@mcc "software demand chain attack" also works well
(it's a little "dragonball Z" but that may be an advantage)
@0xabad1dea @mcc this is why I have consistently found that the fastest way to get people to shut the fuck up about the "supply chain" is to actually show them what is *in* their "supply chain."
"And here we have a 7 year old abandoned Docker image ripe for dependency hijack, a 6 year out of date GPLv3 library with no maintainers we're violating the shit out of the license on, a shell script running as root from someone's Gist from 2016..."
What is this in reference to?
For the past few years, we have seen a lot of discussions around the concept of the Software Supply Chain. These discussions started around the time of LeftPad and escalated with multiple incidents in the past few years. The problem of all the work in this domain is that it forgets a fundamental point.
I'm assuming at least tangentially related to the libxml2 maintainer recently saying (my interpretation, may be inaccurate) that security vulnerabilities will be treated like normal bugs and anyone who has a problem with that can stop depending on it
@gbargoud @The4thCircle it was from observing this conversation, which I had a variety of reactions to various components of (but was only able to form words to the response about the fairly narrow terminology issue)
@mcc I dislike the presented dichotomy of "good proprietary code" and "trash OSS". First, there _is_ high-quality OSS, otherwise OSS wouldn't drive most software. Second, professionals putting out products under OSS licenses _do_ have, in my mind, more responsibility than "throwing out trash" implies; namely, best effort. I look at them more like a non-profit: you don't get to demand things from them, but also they don't get to harm you.
Enterprises should certainly do more in terms of funding OSS -- although I shudder to imagine entering an actual contract with liabilities in order to get funding for OSS work. At the same time, OSS maintainers have _some_ responsibility, and certainly _accountability_ for the things they put out. At least label your abandonware, people; else, bump dependencies, pull bad releases, plug security holes.
@mcc I don't see that happening for most of those one-person projects we are talking about (are we?).
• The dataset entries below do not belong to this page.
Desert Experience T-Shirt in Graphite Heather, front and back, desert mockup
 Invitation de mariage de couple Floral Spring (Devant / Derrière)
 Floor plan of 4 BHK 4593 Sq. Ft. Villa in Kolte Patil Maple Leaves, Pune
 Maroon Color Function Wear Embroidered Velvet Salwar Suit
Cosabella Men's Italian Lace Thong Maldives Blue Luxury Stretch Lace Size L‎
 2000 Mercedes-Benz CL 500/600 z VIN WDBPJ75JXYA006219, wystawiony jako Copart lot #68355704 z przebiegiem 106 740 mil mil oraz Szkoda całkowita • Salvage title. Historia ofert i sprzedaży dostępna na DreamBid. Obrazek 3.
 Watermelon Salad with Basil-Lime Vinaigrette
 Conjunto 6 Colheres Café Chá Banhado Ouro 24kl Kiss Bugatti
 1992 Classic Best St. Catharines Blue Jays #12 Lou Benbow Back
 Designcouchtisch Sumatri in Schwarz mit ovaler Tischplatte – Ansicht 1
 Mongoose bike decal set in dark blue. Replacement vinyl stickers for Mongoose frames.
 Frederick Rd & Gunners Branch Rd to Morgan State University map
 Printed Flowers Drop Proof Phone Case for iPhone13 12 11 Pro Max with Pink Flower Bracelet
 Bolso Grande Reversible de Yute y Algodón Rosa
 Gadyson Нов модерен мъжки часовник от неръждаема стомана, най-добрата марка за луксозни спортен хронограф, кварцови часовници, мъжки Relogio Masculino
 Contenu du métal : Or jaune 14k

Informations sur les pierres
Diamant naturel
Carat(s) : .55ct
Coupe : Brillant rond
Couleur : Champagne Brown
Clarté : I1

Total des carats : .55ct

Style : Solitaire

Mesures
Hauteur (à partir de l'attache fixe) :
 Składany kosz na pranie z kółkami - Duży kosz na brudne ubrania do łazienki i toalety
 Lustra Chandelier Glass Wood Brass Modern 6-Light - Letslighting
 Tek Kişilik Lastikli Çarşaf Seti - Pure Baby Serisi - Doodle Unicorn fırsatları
How do you even negotiate that? Would they pay you for "best effort"? Can you commit to more?
Sure, entities like the Apache Foundation or bigger projects with existing funding may be able to pull that off, to act like B2B-entities. Others ...
Is that an intended side effect of the proposal? That is, remove "small" OSS from the corporate stack and consolidate in a few, company-like organisations? Or am I missing something?